The development of high-end games can now cost as much as a mainstream, studio-backed movie, says Ted Price, the president of Insomniac Games, developer of Spyro the Dragon and Ratchet & Clank. "And we've learned that the musical component is a very important part of the experience of the game, and so we spend a lot more time -- and money -- working on that."
Tim Larkin, who wrote the score for Myst, explains that the music in a game plays a similar role to the soundtrack of a movie: It's there to heighten and guide emotion, and signal scene changes (i.e., preparing for battle vs. actual battle). As the player advances through a game, the program's artificial intelligence software selects music appropriate for the action on the screen.
A cheap score could be done for $15,000, says Larkin, who got his start in the commercial music business by writing jingles for Chevron and Hershey's. But many game publishers, he says, now pay hundreds of thousands of dollars for a composition, which could include -- depending on the complexity and skill levels of the game -- as much as four or five hours of original music, recorded not only by a composer sitting at a computer but also with studio musicians and singers. "The only real limit for the music is disk storage space," Larkin says.
At Video Games Live, the orchestra and the John Alexander chorus performed beneath a jumbo screen, which during the concert flashed scenes from the game whose themes were being played by the musicians in their white jackets and dresses. So there you had conductor Mark Watters waving his baton, while above his head the animated, wasp-waisted, top-heavy Lara Croft from Tomb Raider was attacked by creatures that looked like hounds from hell.
The audience obviously was composed of a lot of serious gamers, and they dug it and cheered when their favorites, like God of War, Headhunter and Metal Gear Solid, took their turn in the lineup. They went nuts for the finale, which featured composer Marty O'Donnell's rather elegant work from Halo. The concert was also attended by a sizable population of kids and teens, accompanied by parental units, and both sets seemed to have a swell time.

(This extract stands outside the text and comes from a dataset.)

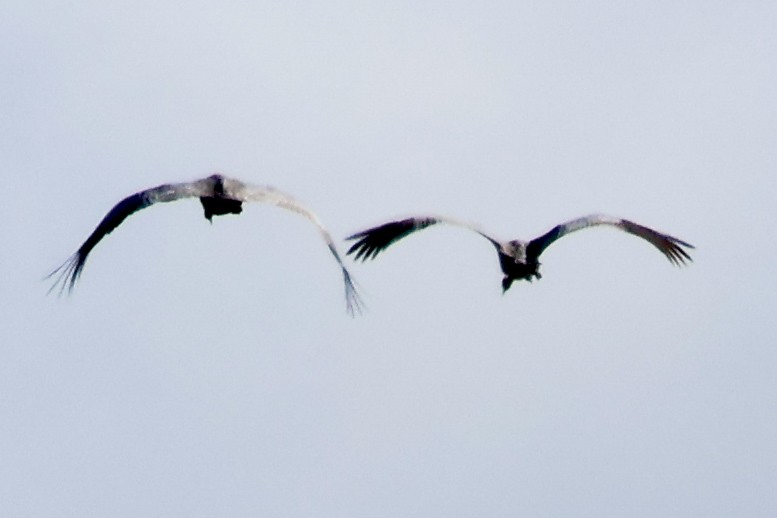 Sarus Crane - ML620693267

Overall, the compositions often sounded vaguely similar, alternately like Enya or Wagner. Either new-age-y, spooky, ethereal mellow, heavy on the string sections, or all-out mortal combat, with kettle drums beating like a racing heart and the brass players trumpeting the hunt. From the choir there was lots of aaaaa-hhhaaa Gregorian monk-type chanting in Latinesque gobbledygook.
During the show, two audience members, selected by ticket numbers, were brought to the stage to play and compete on the classic game Frogger, accompanied by the orchestra. The mom-type confessed she "had never played a video game in my life," at which point the audience booed. With the crowd following along on the jumbo screen, she scored a dismal 170 points. Next up, a 13-year-old who was introduced as "Ben from L.A." From the crowd: "Goooo Ben!" He killed. Something like 1,900 points.
Video Games Live is the brainchild of composers Tommy Tallarico and Jack Wall. "Tommy and I noticed that the music in the games just kept getting better and better," says Wall, who was a producer for rock acts David Byrne and Peter Gabriel before he switched over and wrote themes for the Myst and Splinter Cell series. "And we started to see that people who played the games were really paying attention to the music, and that they were on the Internet or wherever asking where they could get ahold of a CD of the game soundtracks," which Wall described as "radio for the 21st century." So they decided to gather together the best work and take it on a national tour.
Wall says, "So it was just incredible for the audience, I think, to see their games come to life in a whole different way." So, play on, Sonic the Hedgehog and Earthworm Jim, play on.